September 11, 2020 at 9:41 am #584940Somehow i feel like in the question 4 bi, is related to IAS 19 and IAS 37. Firstly, It says define benefit liability arising due to the current cost expected to be deliver as per the promised term and condition if the employees remain with the company.
IAS 37 says there are 3 criteria for recognition, cost, probable outflow and past event and these three criteria have actually met. It was probable 75% of the employees will be remain with the company, 3% increase in remuneration each year from 2013. As such, the cost can be reliably measured.
Therefore, 1% should be taken up as a current cost to PL and the other corresponding entry by increase each respective years defined obligations these cost meet the liabilities/provision as per IAS37.
September 11, 2020 at 9:20 am #584937The closure of 6 stores should take into account for impairment because the scenario did states that many other stores similar to the the entity operate were closed. Means there are uncertainties surrounding and should conduct impairment test as there are indication (from externally ie market).
The scenario also mention that the stores was closed , essentially it should be classify and non current asset held for sale and discontinued operation. IFRS 5 requires reclassification and disclosure if its happened in the financial year.
September 11, 2020 at 8:55 am #584936My opinion about that question is IFRS 5 and IAS36 and IAS 37 can be relevant.
IFRS 5 apply because the store is already closed during the financial year. Despite the director is unwilling to classify for that nor he is willing to disclose. But the standard still requires the company to reclassify as per IFRS5 and disclose as discontinued operation.
Before reclassification, it needs to conduct impairment test and recognise at the lower of CV and FVLCTS (more relevant as no more operation means no future economic benefit, VIU less relevant) because uncertainties surrounding the situation.
IAS37 provision should be consider if there’s any constructive / legal obligation arising from those closure ie compensation to those affected employees/other cost incurred (but not future cost).
September 11, 2020 at 8:41 am #584932I think those self interest, advocacy is applicable and can bring in for discussion. As i remember, the scenario did mentioned that the customer is approaching the chief accountant and offer him a good employment post. I think from practical view, he actually has two option either to accept the offer, or to consult with someone like his superior/management. Since it is not good to turn down the offer from business point of view, but assessment of the customer credit risk would be needed since the scenario did tell customer are in bad credit rating ie cash flow tight.
Another issue is something like block chain technology that the company are promoting. I think technical competence and due care, professional behavior, integrity might be relevent as the chief accountant aware himself do not have the knowledge yet he promise the management that he can handle the project. He should have been be honest, not to discretion the profession. He is recently qualified as ACCA member.

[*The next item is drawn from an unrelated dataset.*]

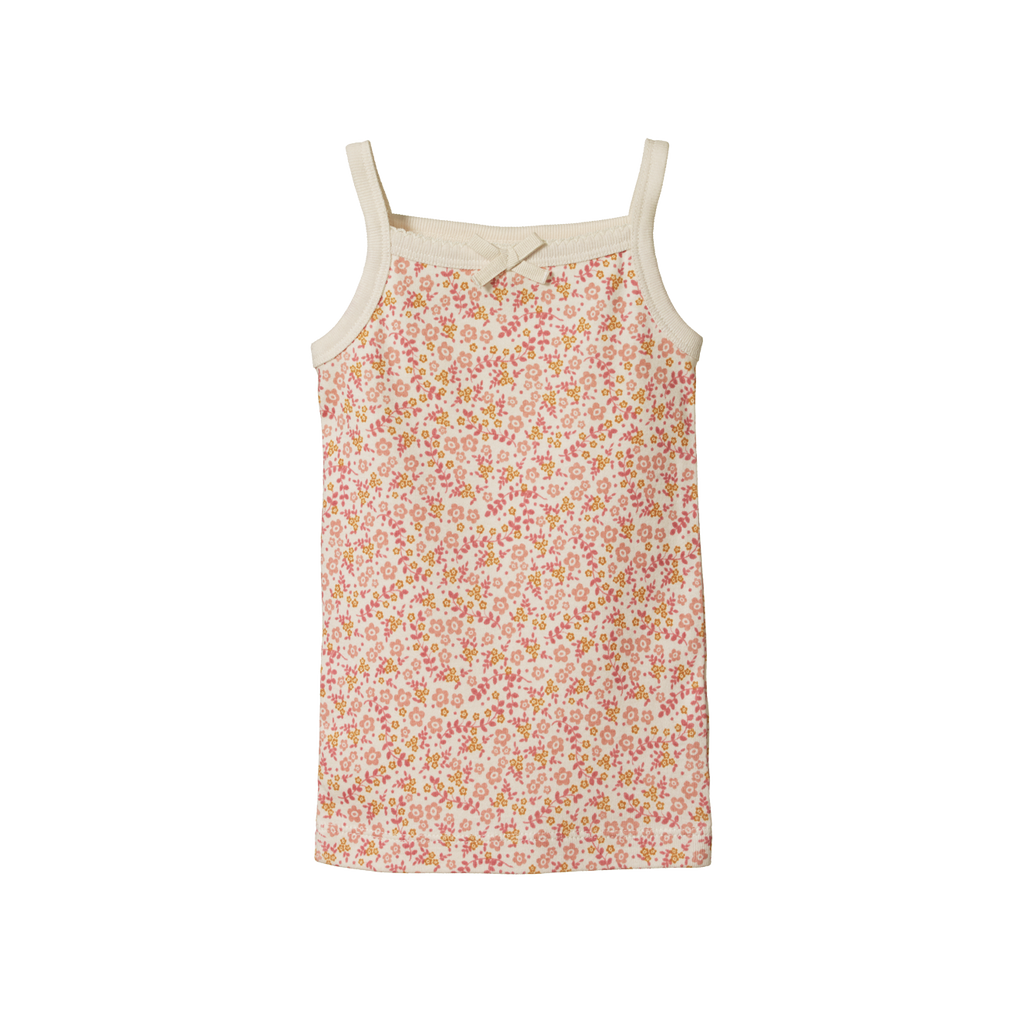 Organic Cotton Camisole - Daisy Belle Print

But most importantly is what action he could do as the requirement specifically asked for that. So might need conclude with that to gain the professional marks. I guess…

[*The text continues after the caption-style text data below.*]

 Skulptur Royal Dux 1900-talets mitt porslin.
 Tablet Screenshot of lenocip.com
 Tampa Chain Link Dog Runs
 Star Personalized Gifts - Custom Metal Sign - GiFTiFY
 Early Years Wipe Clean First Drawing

September 11, 2020 at 8:30 am #584929I did the same as yours. T account is the most efficient way as we dont have much time to drag there.
September 11, 2020 at 8:24 am #584928I think just follow the requirement as it asked whether the brand should be subsumed in within goodwill or be separate accounted for. IAS38 states that if the IA is not separable it should be subsumed in within goodwill. It has to be legally or contractually separated either to sell it or use it.
The last part was about indefinite life / definite life of the two new acquisition brand. The directors intended to recognised the brand as indefinite useful life. My opinion was, the first one have long track records, it has good past experience to produce economic benefit for the entity. It should be alright be treated as indefinite useful life. However, assessment would be made each year for the if there is any indication of declining future cash in flow from the continuing use of the asset. Impairment test each year is required by comparing the carrying amount against the recoverable amount.
In respect of the 2nd brand i think not acceptable to be treated as indefinite useful life because it is new.